In 2003-2004, the hefty catcher produced at a .301/.343/.487 clip with 16 homers and 67 runs batted in. He tied Loidel Chapellí and Osmani Urrutia for the league lead in RBI and was three homers behind leader Reinier Yero.

Peraza batted .326/.389/.550 with 16 circuit clouts and 65 RBI in the 2004–2005 Serie Nacional. In 2005-2006, he hit .303/.422/.544 with 17 home runs and 54 RBI, tying for 8th in the Serie Nacional in homers.

Peraza kept it up in 2006-2007, batting .322/.389/.533 with 17 home runs and 63 RBI. He tied Yohenis Cespedes for third in home runs, trailing Alexei Ramírez and Joan Carlos Pedroso. He finished 6th in total bases and 8th in RBI. He was just 2 for 20 in the playoffs, though.

In the 2007 World Port Tournament, he was far better than he had been in the 2001 event, hitting .419/~.486/.710 with 3 home runs and 18 RBI in nine games. He tied Pedro Alvarez and Alfredo Despaigne for second in homers, one behind José Julio Ruiz. He easily led in RBI, 10 ahead of Despaigne. He tied Despaigne and Jordan Danks for second in hits (13), behind Carlos Tabares. He tied Danks for second in average, trailing Despaigne. He was also third in slugging and OBP. His dominant performance helped him win World Port Tournament Most Valuable Player honors.

In the 2007 Baseball World Cup, Peraza backed up Ariel Pestano and got into three games. He was 2 for 7 with a long 3-run homer against Thailand as Cuba won Silver, its first time falling short of Gold in a Baseball World Cup in 25 years (and in 1982, it was because they sat out).

Peraza continued his slugging into 2008. In the Cuban All-Star Game, he hit a walk-off homer against Jorge Longo in the bottom of the 9th to give his Occidentales a 6-5 win over the Orientales. He won MVP honors.

Peraza hit .336/.465/.672 in the 2007–2008 season with 25 homers and 77 RBI in 79 games. He was 4th in the Serie Nacional in slugging and third in homers behind Alexei Bell and Yohenis Céspedes. He also ranked among the leaders in total bases (tied with Joan Carlos Pedroso for 9th with 180), RBI (5th) and walks (tied with Yoandy Garlobo for 8th with 60). His 37 intentional walks were 14 more than runner-up Garlobo as he led the circuit. Peraza was named to the Serie Nacional All-Star team at DH.

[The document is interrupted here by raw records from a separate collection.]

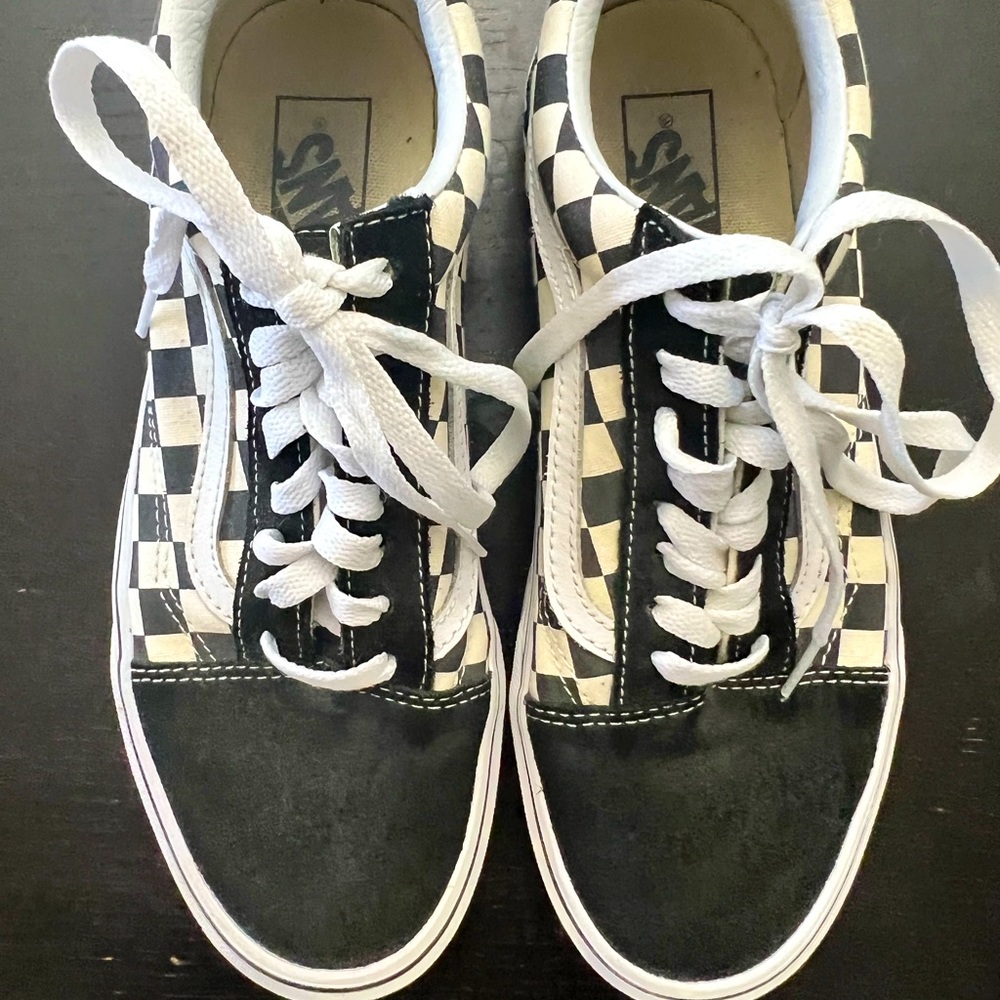 Vans Old Skool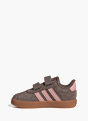 adidas VL Court 3.0 Schuh Braun 168997 3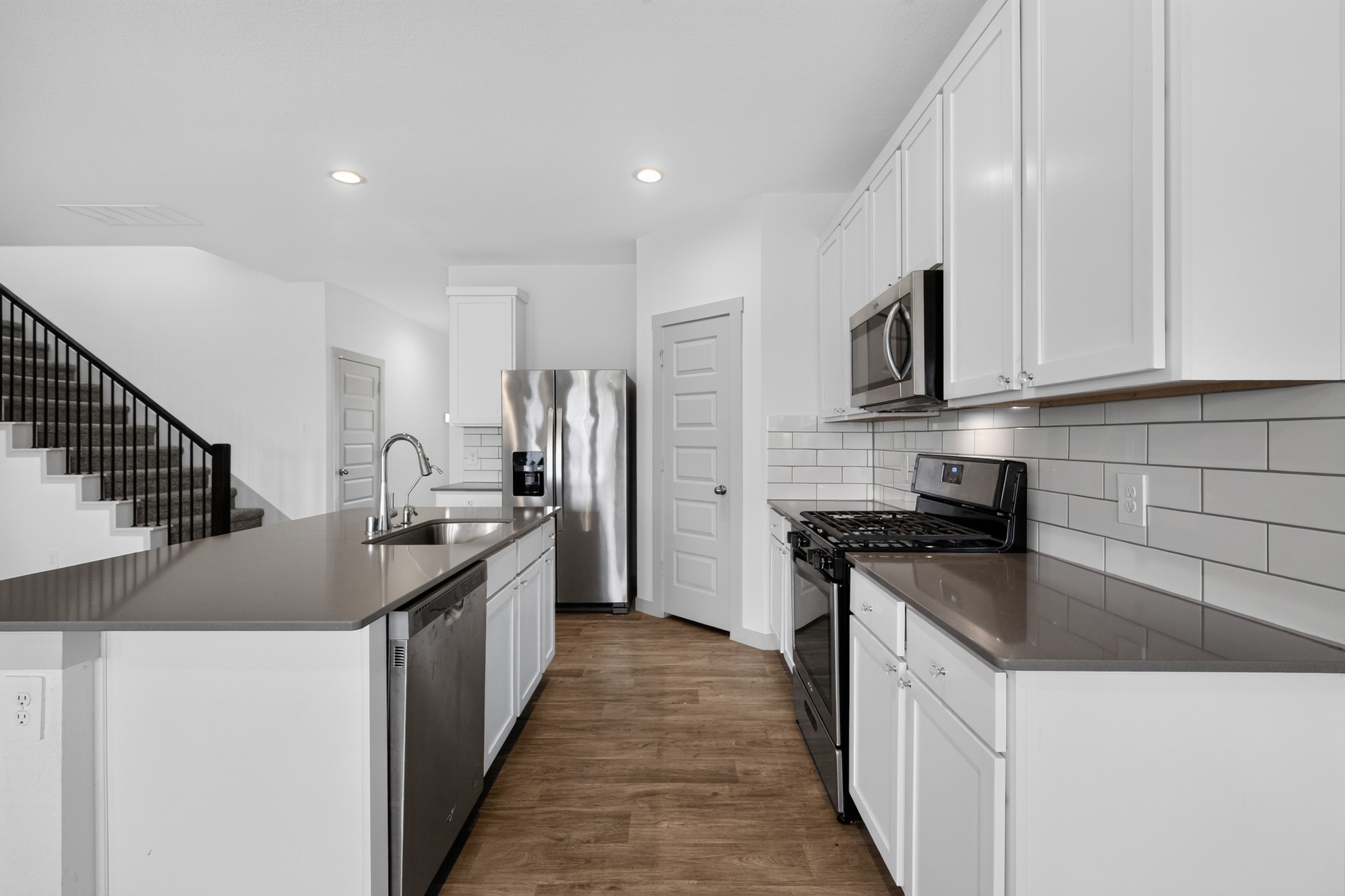 14407 Sweet Water Drive Property Photo 3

Peraza backed up Michel Enríquez at DH for Cuba in the 2009 World Baseball Classic and batted cleanup twice. He was 4 for 9 with a homer and 3 runs in the event, putting him third on the Cuban squad in average, slugging, OBP and OPS behind Frederich Cepeda and Yoenis Céspedes. Peraza powered Cuba to a 5-4 win over Australia; pinch-hitting for Joan Carlos Pedroso with a 4-3 deficit, 2 outs and one on in the bottom of the 8th against Rich Thompson, Peraza smacked a game-winning 2-run homer. He got three hits in a win over Mexico but then came up empty in his third game, against Japan.

Peraza hit .329/.462/.663 in 2008-2009 with 23 homers, tied for 5th in the league. He was 4th in slugging behind Alfredo Despaigne, Yulieski Gourriel and Joan Carlos Pedroso. He led with 24 intentional walks. Defensively, he was second with 11 passed balls but threw out 20 of 38 attempted base-stealers.

A motorcycle injury ended Peraza's 2009–2010 season early.

Peraza signed with the Autovia Castenaso of the Italian Baseball League for the 2019 season, playing in 22 games and hitting .253/.333/.361 with two home runs and seven RBI.